Dikkat ettiniz mi, ağlamakla devletten daha çok şeyler koparmaya çalışan turizmciler, “çok kötü bir sezon. Otellerimiz bomboş” diyorlar da, tek başlarına ya da bir araya gelip otellerin dolduracak yabancı turisti getirmek için gayret gösteriyorlar mı ?
İşin kolayını bulmuşlar, ağlıyorlar.
Onların gözyaşlarına kanan devletimizde istediklerini hep veriyor.

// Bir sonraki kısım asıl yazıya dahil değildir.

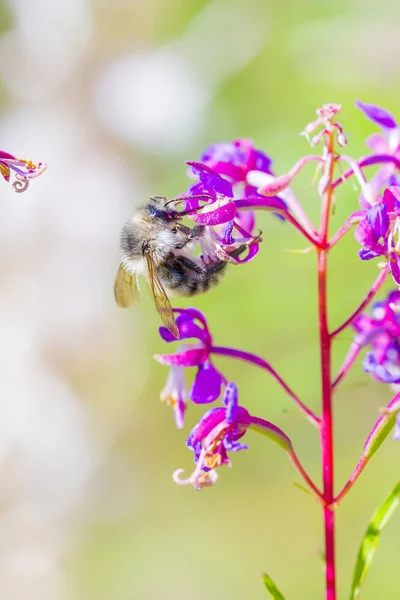 Bumblebee και ανθισμένα επιλόβιο το δασύτριχο angustifolium (lat. επιλόβιο το δασύτριχο ένα — Φωτογραφία Αρχείου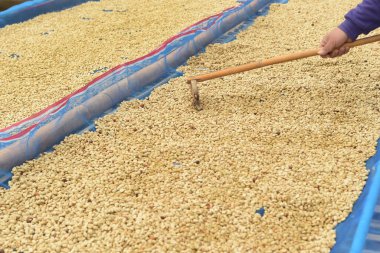 Güneşte kuruyan kahve çekirdeklerini kapat.              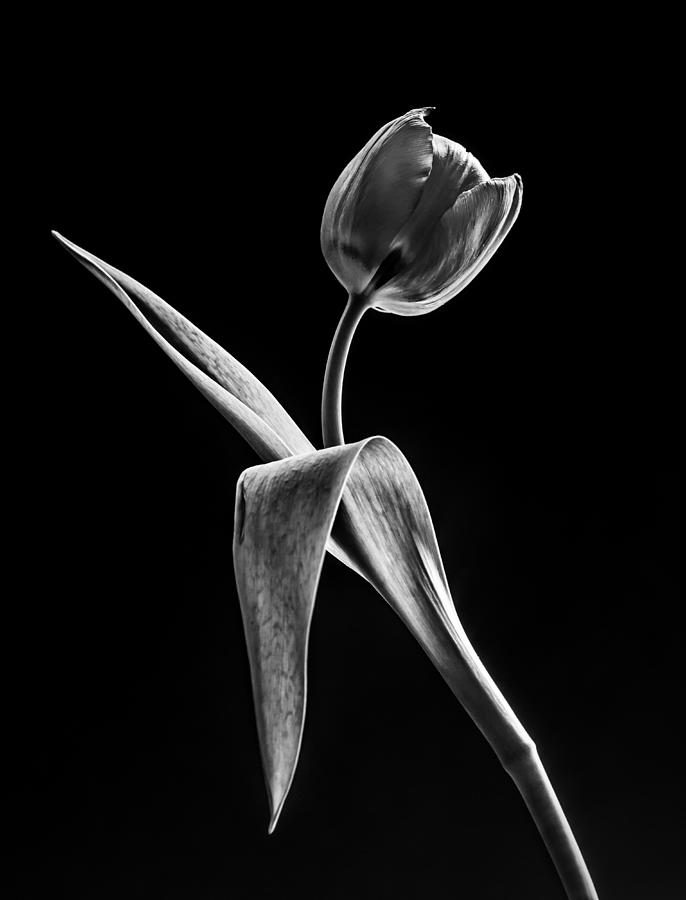 Spring Offering in Black and White  Photograph by Maggie Terlecki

Onlar istemekten, devlette vermekten geri kalmıyor.
Antalya Büyükşehir Belediye Başkanı Menderes Türel’in gösterdiği gayretin yüzde 1’ini bile göstermiyorlar. Kaldı ki, bana göre Antalya’ya turist getirmek büyükşehirin, büyükşehir belediye başkanının görevi hiç mi hiç değil. Konaklama tesislerinin sahipleri ve yöneticileri yan gelip yatacaklar, arada bir ağlayacaklar...
Hiçbir emek harcamadan her şeyin kendine sunulmasını bekleyen kişi ya da kişiler için söylenen bir söz geldi aklıma .“Armut piş, ağzıma düş.”
Sanki turizmciler için söylenmiş.
Halbuki sadece turizmcinin hali kötü..
Esnaf kan ağlıyor, gün geliyor şiftah bile yapmadan dükkanını kapatanlar var. Çoğu iflasın eşiğinde.
Çiftçi ve besici dersen...
Onca emek, onca masraf...Bir yandan sıcak ya da aşırı soğuk, yani “don”.
İyi verim alırlarsa ancak yaptıkları masraflarını karşılayabiliyorlar. Almazlarsa, cepten...
Arada kazananlar var, çiftçinin sırtından yüklü kazananlar var. O ayrı bir konu.
Yine dikkat ettiniz mi...Esnafta, çiftçi ve besici de turizmciler, otel sahip ve yöneticileri gibi ağlayamıyorlar.
Ağlayamayınca da devletten istediklerini alamıyorlar.